ROUND ABOUT: NBL3/WNBL4
TweetIT had to happen. You know the drill. Top team. Bad start. Import goes.
Bad results continue? Club publicly endorses coach.
Privately?
Coach starts packing.
So the key was to stop the poor start.
New Zealand pulling the trigger today on Darnell Lazare was disappointing for him because he has all the tools – according to Hammer – and it’s a shame he hasn’t been able to transfer them from the track to the game-court.
Recalling Gary Wilkinson though is quite the coup for the Breakers, Big Red a key component of the club’s 2011/12 championship runs.
Clearly too, he’d had enough of Estonia’s national dish, marinated eel.
Jeremiah Trueman is probably hardest hit, having to go on wavers to accommodate the big fella.
This is a club chasing the historic and unprecedented fourth championship and today's events just reinforces that.
WORD of the week on ABC-TV’s WNBL call was “savvy”, as in “Player A is a very savvy veteran”.
It was trotted out about half a dozen times before halftime by which point I was getting quite fatigued. But more of that later.
Basketball On The Internet’s Player of the Week
THIS was the toughest round so far because I really liked what Jermaine Beal did in two road games for Perth after needing a compass in the first two rounds to even get near his jumpshot.
Rotnei Clarke also had a huge game for the Hawks, making me start to feel like Marc Howard insomuch as needing to acknowledge half the league.
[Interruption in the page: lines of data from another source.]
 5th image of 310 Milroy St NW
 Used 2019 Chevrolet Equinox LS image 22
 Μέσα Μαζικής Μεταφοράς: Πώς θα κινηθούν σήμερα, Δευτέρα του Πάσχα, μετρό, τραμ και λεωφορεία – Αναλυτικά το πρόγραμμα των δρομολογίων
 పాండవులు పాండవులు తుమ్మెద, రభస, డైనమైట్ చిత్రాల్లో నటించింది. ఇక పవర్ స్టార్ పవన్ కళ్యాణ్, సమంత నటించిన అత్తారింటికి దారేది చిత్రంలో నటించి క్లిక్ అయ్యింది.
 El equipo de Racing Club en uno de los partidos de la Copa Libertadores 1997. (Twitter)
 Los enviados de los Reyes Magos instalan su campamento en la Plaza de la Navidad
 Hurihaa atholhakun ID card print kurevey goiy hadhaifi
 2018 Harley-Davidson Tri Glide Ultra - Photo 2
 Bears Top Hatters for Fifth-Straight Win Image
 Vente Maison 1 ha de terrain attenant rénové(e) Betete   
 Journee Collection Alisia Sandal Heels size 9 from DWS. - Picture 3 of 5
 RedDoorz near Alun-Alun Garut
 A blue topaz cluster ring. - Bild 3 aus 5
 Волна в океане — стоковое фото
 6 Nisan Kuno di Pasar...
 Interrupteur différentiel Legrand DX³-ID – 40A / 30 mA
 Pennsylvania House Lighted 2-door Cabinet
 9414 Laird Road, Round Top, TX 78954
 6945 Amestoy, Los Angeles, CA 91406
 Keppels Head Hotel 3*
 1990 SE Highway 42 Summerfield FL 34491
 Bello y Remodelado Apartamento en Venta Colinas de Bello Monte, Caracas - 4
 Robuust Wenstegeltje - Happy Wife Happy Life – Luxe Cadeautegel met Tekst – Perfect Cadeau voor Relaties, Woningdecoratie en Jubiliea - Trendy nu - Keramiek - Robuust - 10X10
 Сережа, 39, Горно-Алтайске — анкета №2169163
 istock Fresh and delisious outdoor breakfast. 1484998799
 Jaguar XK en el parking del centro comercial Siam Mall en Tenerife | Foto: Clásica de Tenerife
But ultimately I settled on Chris Goulding for his match-winning 29-point haul – 22 in the second half, 13 in the third quarter including nine straight – which steered Melbourne to its first win of the 2013-14 season, beating Adelaide 93-79.
Special mention to Sydney’s Ben Allen for his foul and rebound in 2:45 of inaction.
PotW Winners
Rd 1 Daniel Johnson
Rd 2 Shawn Redhage
Rd 3 Chris Goulding
THE WNBL Player of the Week also is a tough call with so many legit contenders this round and I will look forward to the league’s declaration.
For mine, I liked the performance by Caps captain Jessica Bibby, whose 24 points turned the game against Adelaide and included her milestone 4,000th WNBL points.
Reviews
Breakers v Wildcats (M)
NEW Zealand copped a raw deal from the officials in this one but ultimately James Ennis and Jermaine “Seal the Deal” Beal combined to steer the Wildcats to safe waters and their third straight win, 96-89.
Jesse’s Girl Wagstaff (thanks Max) stuck 4-of-7 from beyond the arc and when the game was there to be won, Perth did just that.
Capitals v Lightning (W)
CANBERRA needed this one desperately and produced a key 23-16 last quarter which included a dramatic 13 unanswered points in a 16-2 run from 54-55 to 70-57.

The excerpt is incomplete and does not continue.